=== Supplied records ===

-------------------------

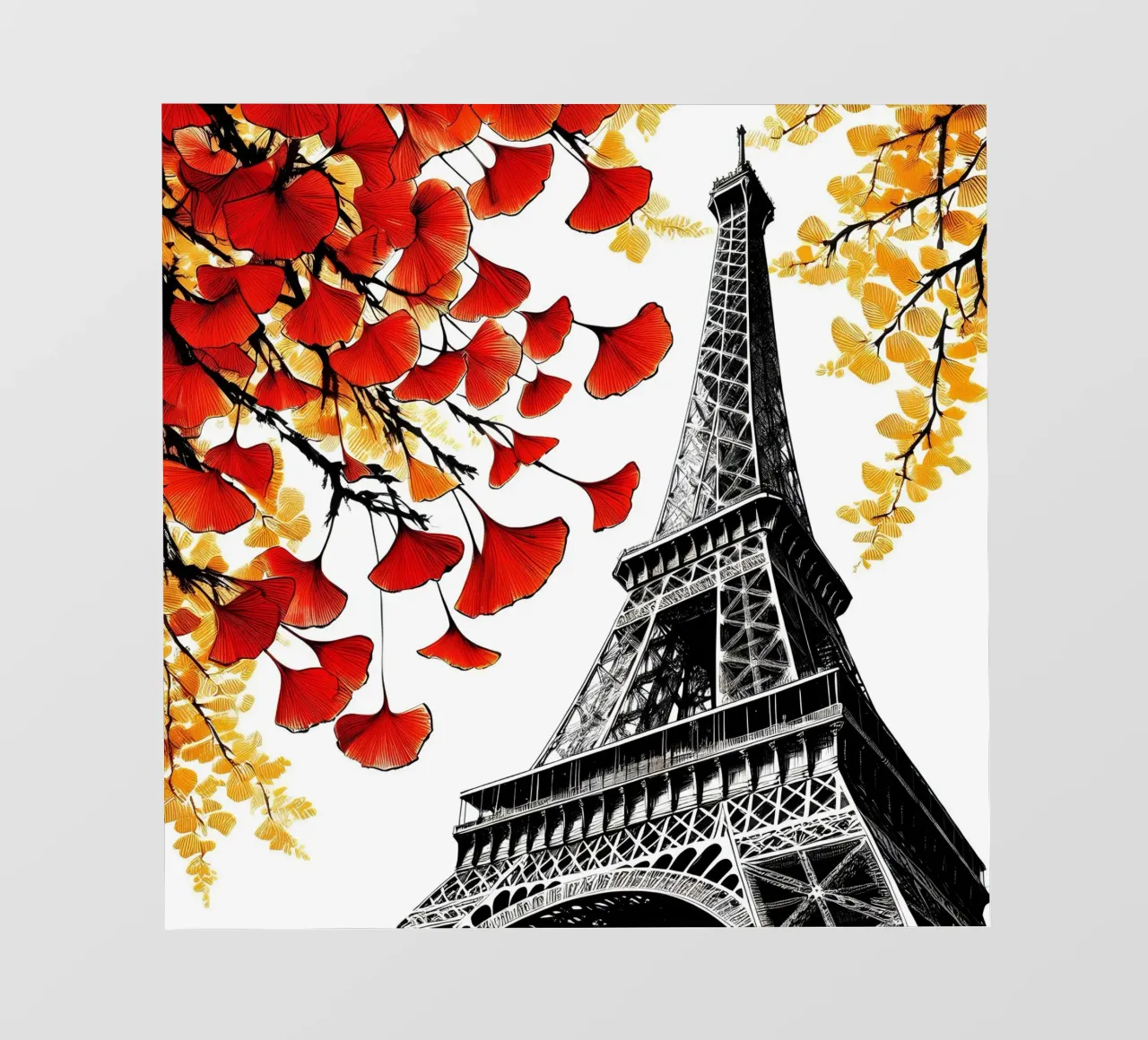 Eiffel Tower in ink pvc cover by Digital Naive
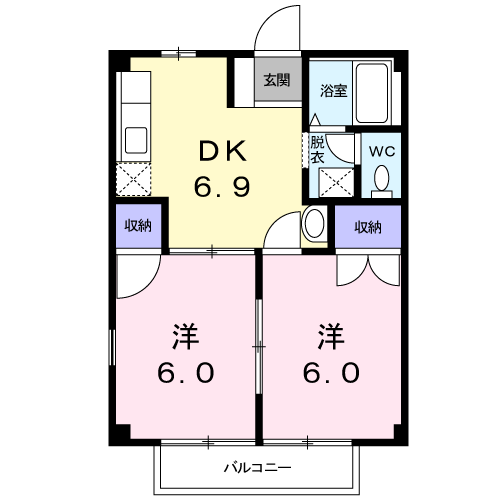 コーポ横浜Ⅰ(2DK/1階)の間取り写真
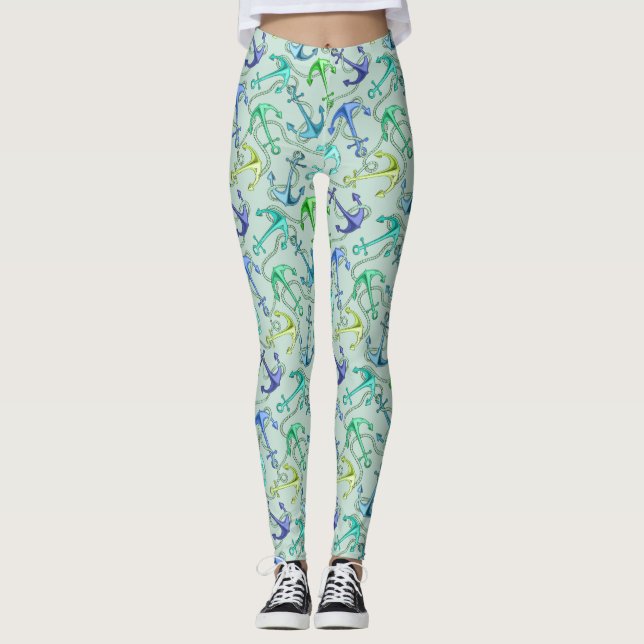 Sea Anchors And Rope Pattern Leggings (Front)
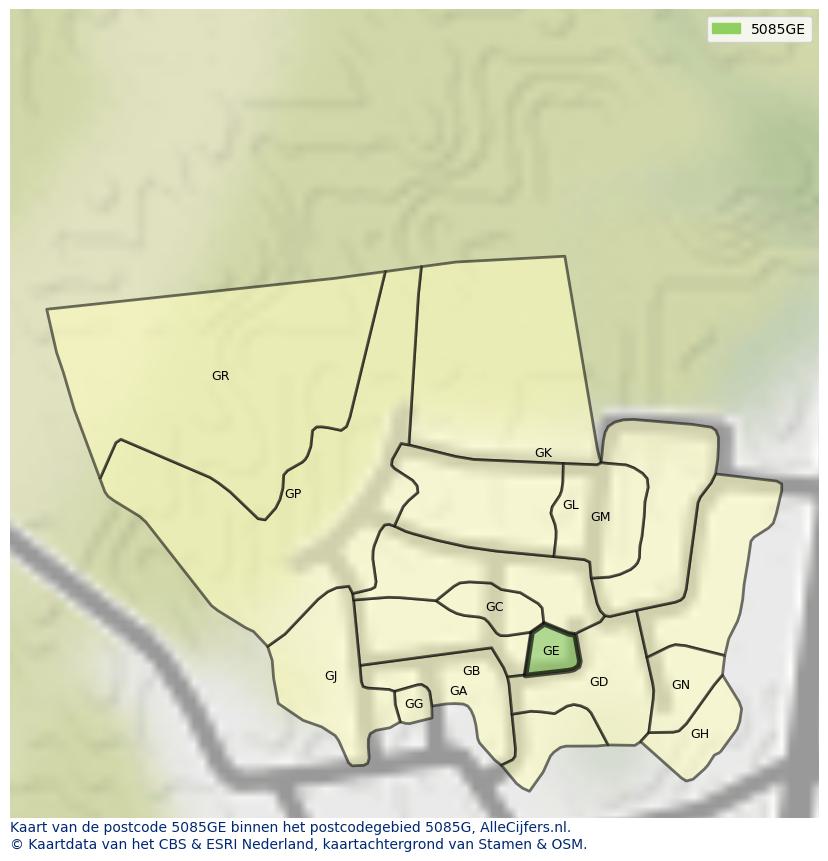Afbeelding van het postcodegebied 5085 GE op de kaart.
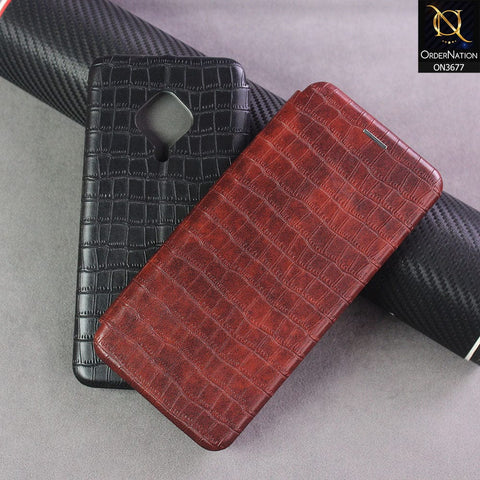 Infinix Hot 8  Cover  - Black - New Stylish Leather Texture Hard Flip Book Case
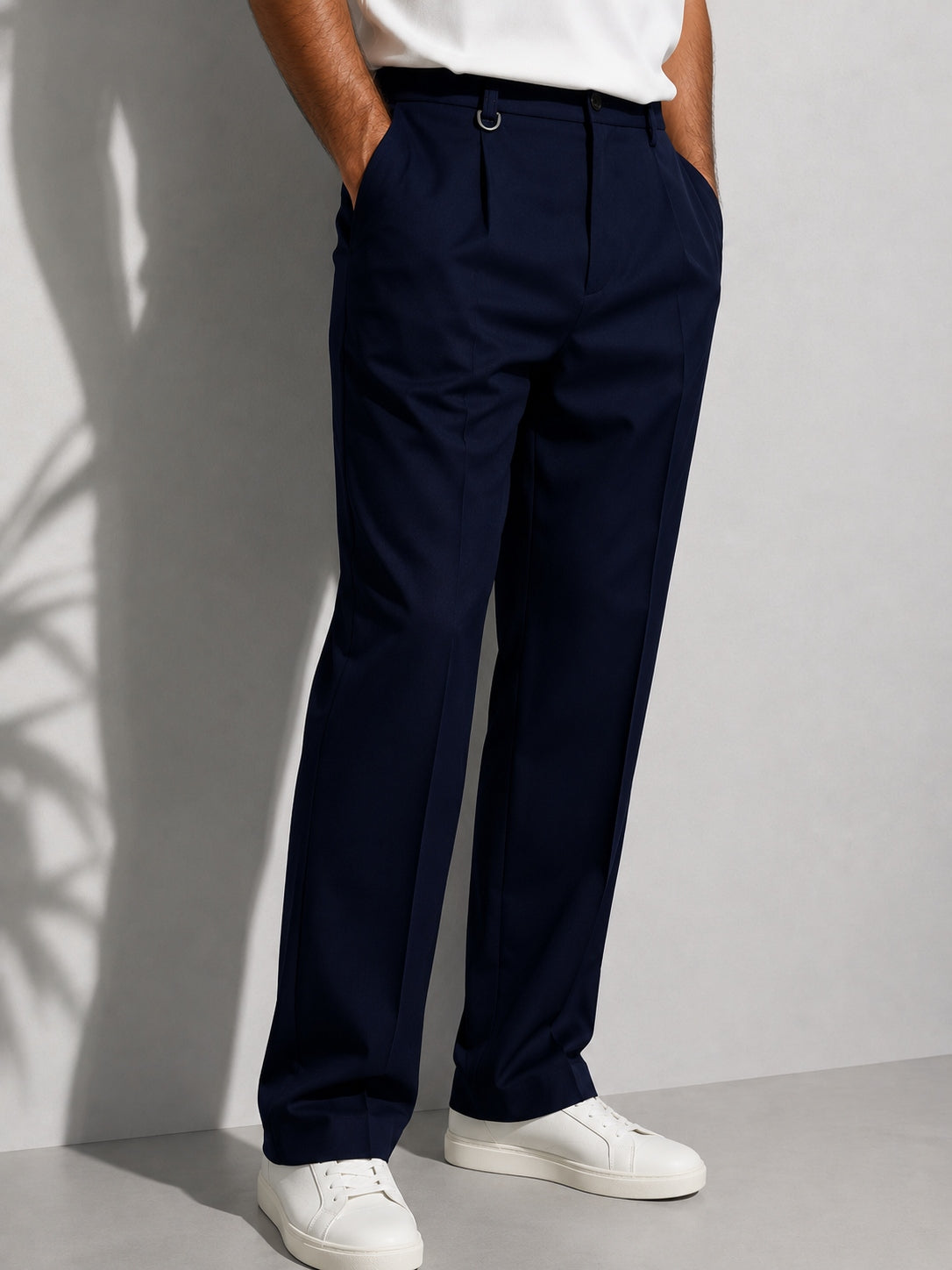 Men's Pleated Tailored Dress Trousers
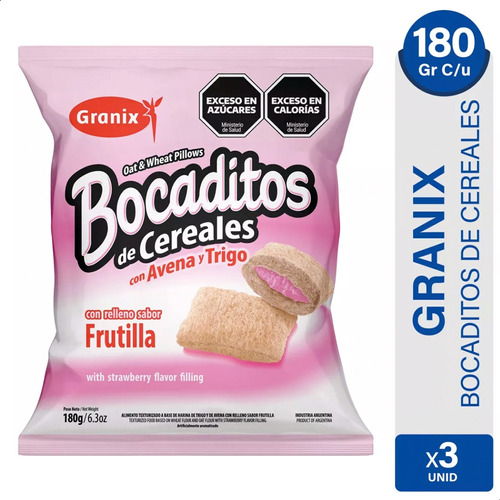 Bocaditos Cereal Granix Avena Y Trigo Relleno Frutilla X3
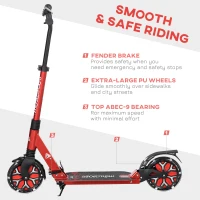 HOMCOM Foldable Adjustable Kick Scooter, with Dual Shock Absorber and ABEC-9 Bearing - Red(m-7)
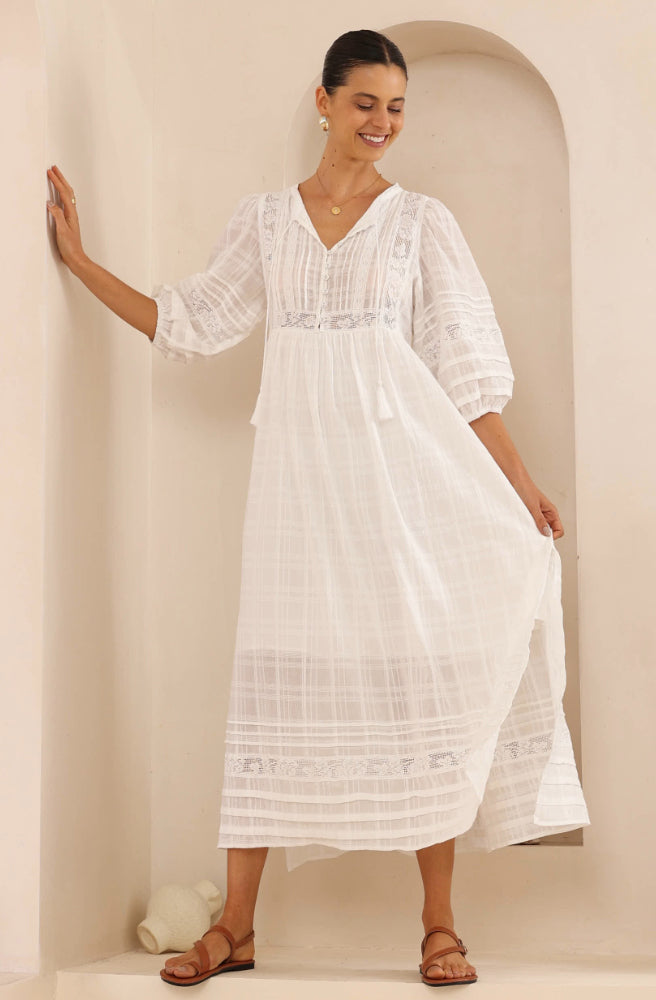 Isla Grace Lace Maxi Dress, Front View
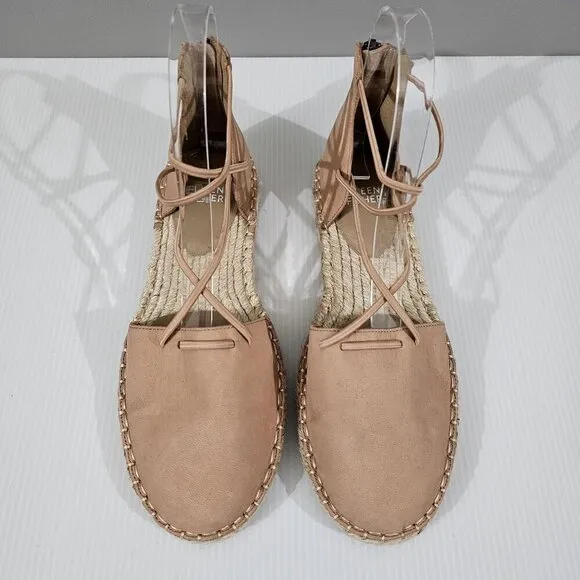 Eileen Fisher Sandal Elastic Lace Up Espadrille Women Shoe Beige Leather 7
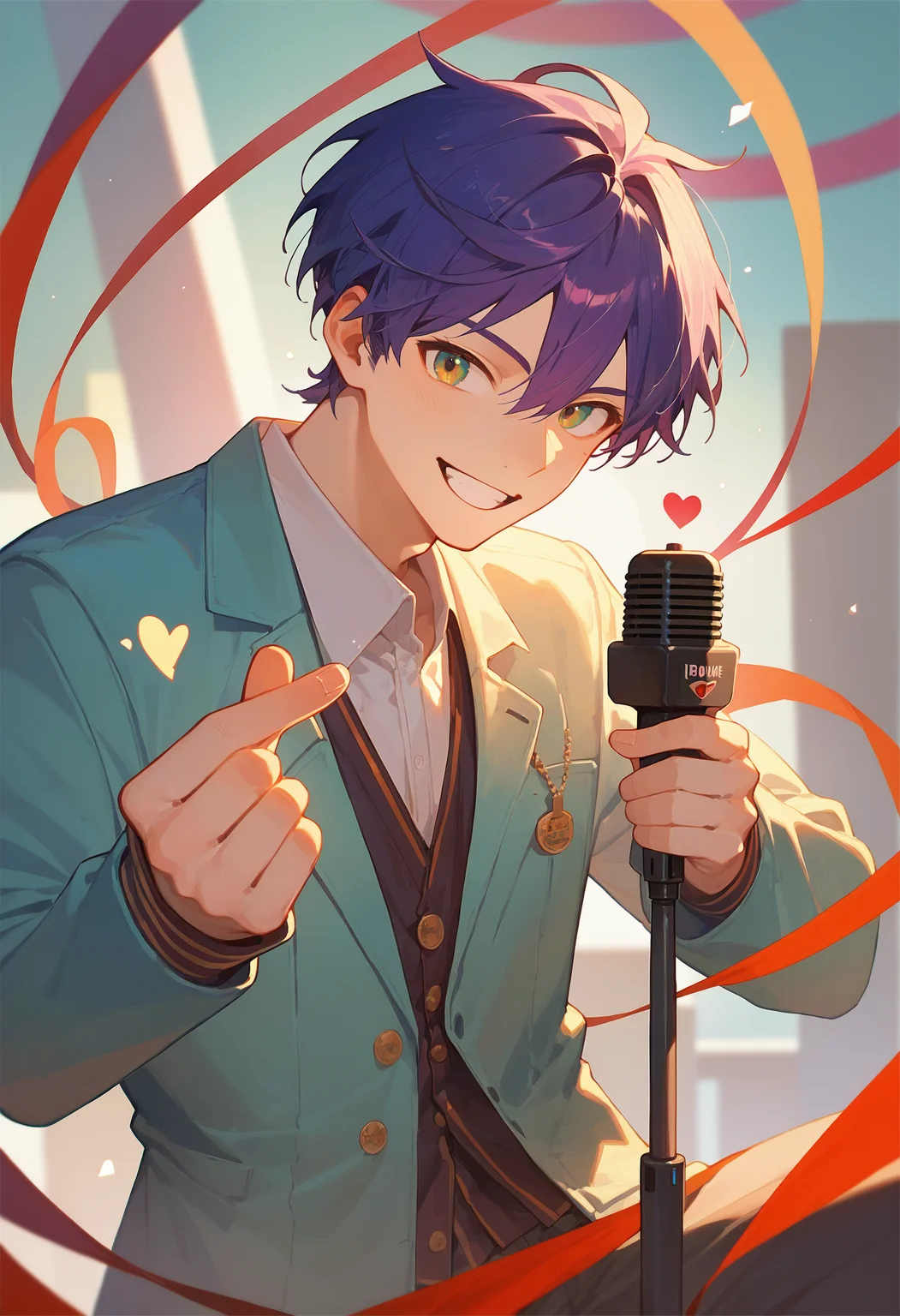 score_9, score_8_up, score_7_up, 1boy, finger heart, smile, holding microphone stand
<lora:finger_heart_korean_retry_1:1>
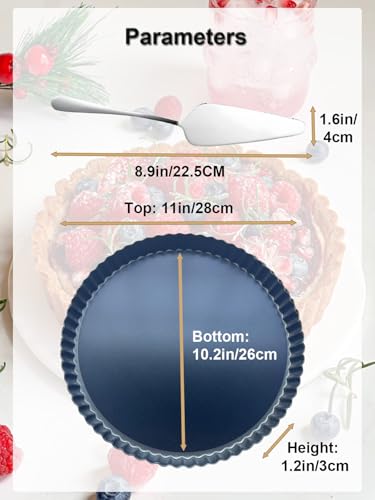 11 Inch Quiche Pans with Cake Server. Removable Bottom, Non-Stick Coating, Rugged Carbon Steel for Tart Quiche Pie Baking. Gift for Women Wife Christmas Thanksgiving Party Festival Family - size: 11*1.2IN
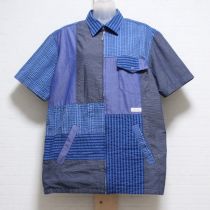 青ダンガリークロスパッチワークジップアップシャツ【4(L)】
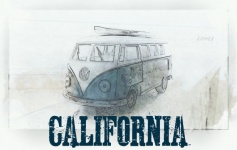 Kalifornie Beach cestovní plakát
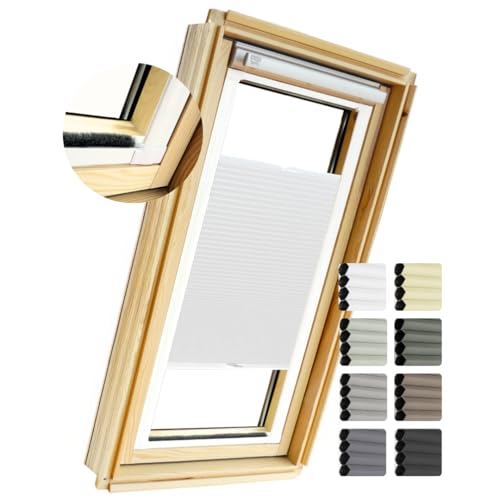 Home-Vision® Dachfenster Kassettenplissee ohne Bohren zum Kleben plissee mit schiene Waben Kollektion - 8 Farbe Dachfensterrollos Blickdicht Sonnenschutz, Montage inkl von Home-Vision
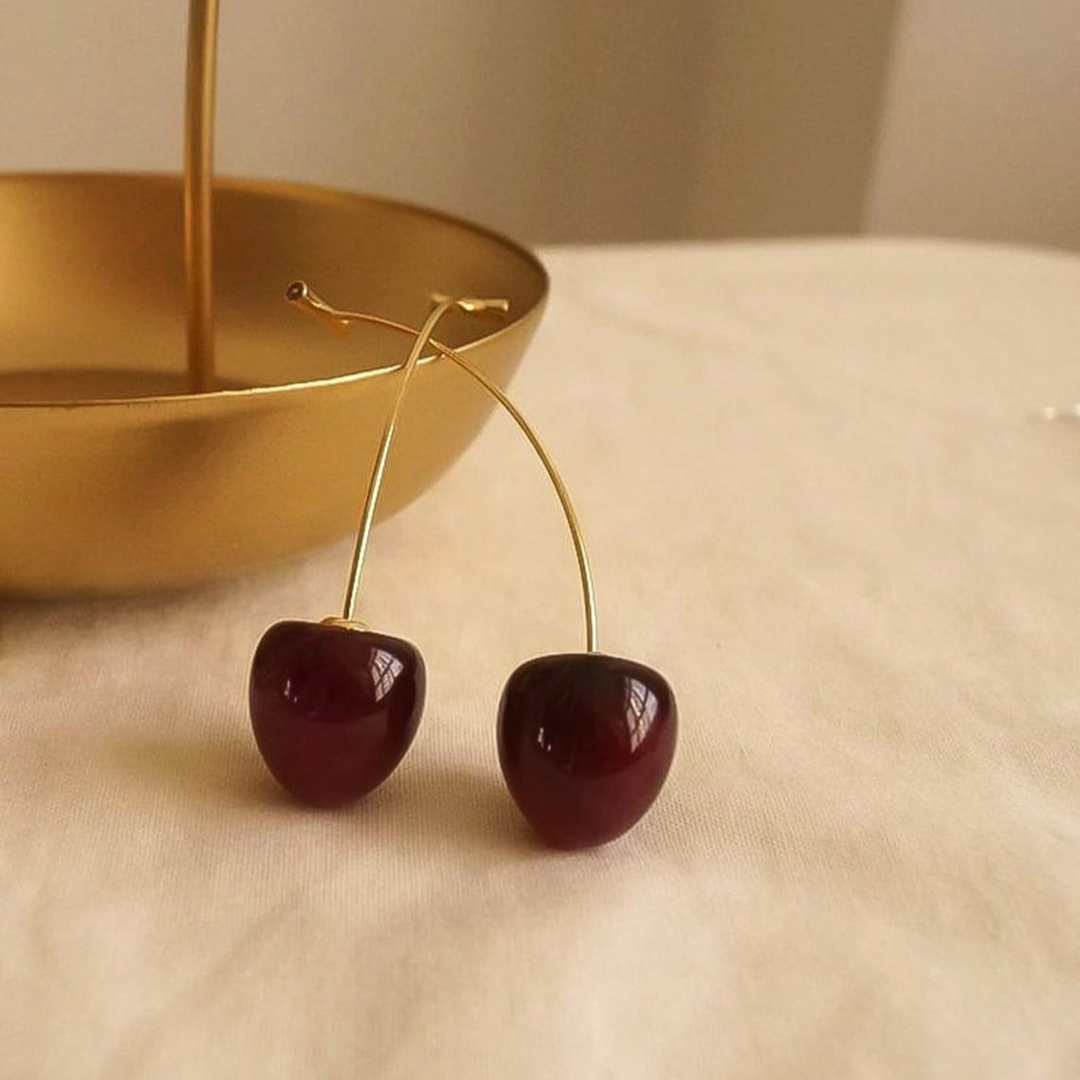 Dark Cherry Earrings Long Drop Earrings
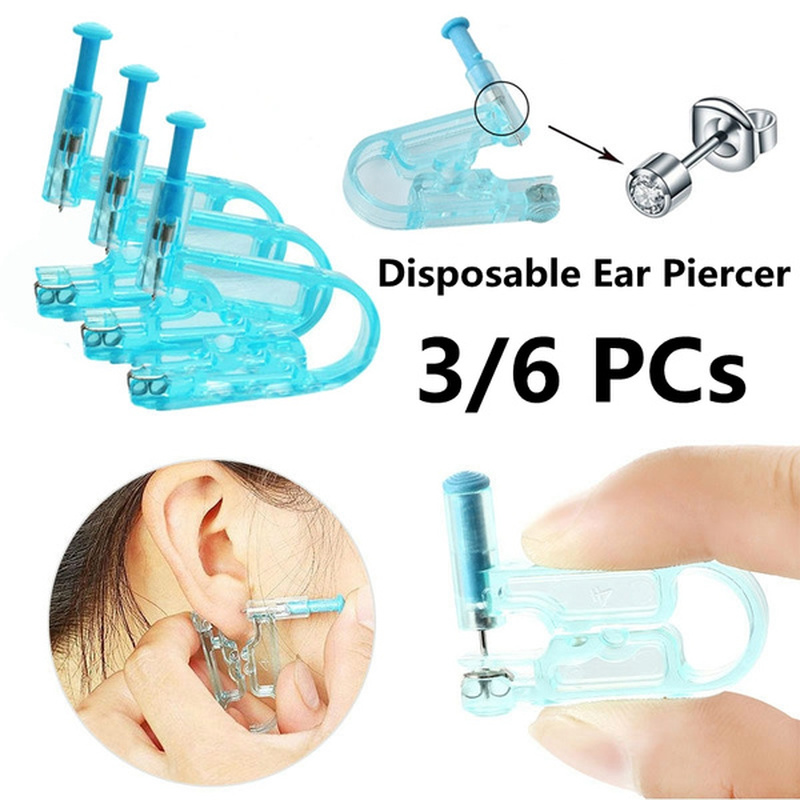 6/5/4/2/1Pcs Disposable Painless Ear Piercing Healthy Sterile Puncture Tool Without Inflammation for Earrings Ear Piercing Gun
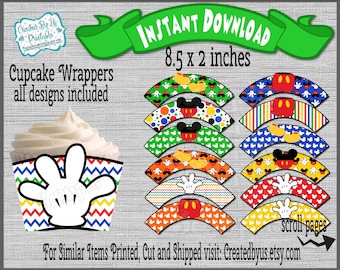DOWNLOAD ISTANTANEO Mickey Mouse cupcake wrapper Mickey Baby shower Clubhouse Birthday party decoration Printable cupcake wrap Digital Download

-------------------------

=== Directions ===
Restate the material above word for word; pictures do not belong in the copy.

=== Problem solution ===
 Eiffel Tower in ink pvc cover by Digital Naive
 コーポ横浜Ⅰ(2DK/1階)の間取り写真
 Sea Anchors And Rope Pattern Leggings (Front)
Afbeelding van het postcodegebied 5085 GE op de kaart.
 Infinix Hot 8  Cover  - Black - New Stylish Leather Texture Hard Flip Book Case
 Men's Pleated Tailored Dress Trousers
 Bocaditos Cereal Granix Avena Y Trigo Relleno Frutilla X3
 HOMCOM Foldable Adjustable Kick Scooter, with Dual Shock Absorber and ABEC-9 Bearing - Red(m-7)
 Isla Grace Lace Maxi Dress, Front View
 Eileen Fisher Sandal Elastic Lace Up Espadrille Women Shoe Beige Leather 7
 score_9, score_8_up, score_7_up, 1boy, finger heart, smile, holding microphone stand
<lora:finger_heart_korean_retry_1:1>
 11 Inch Quiche Pans with Cake Server. Removable Bottom, Non-Stick Coating, Rugged Carbon Steel for Tart Quiche Pie Baking. Gift for Women Wife Christmas Thanksgiving Party Festival Family - size: 11*1.2IN
 青ダンガリークロスパッチワークジップアップシャツ【4(L)】
 Kalifornie Beach cestovní plakát
 Home-Vision® Dachfenster Kassettenplissee ohne Bohren zum Kleben plissee mit schiene Waben Kollektion - 8 Farbe Dachfensterrollos Blickdicht Sonnenschutz, Montage inkl von Home-Vision
 Dark Cherry Earrings Long Drop Earrings
 6/5/4/2/1Pcs Disposable Painless Ear Piercing Healthy Sterile Puncture Tool Without Inflammation for Earrings Ear Piercing Gun
DOWNLOAD ISTANTANEO Mickey Mouse cupcake wrapper Mickey Baby shower Clubhouse Birthday party decoration Printable cupcake wrap Digital Download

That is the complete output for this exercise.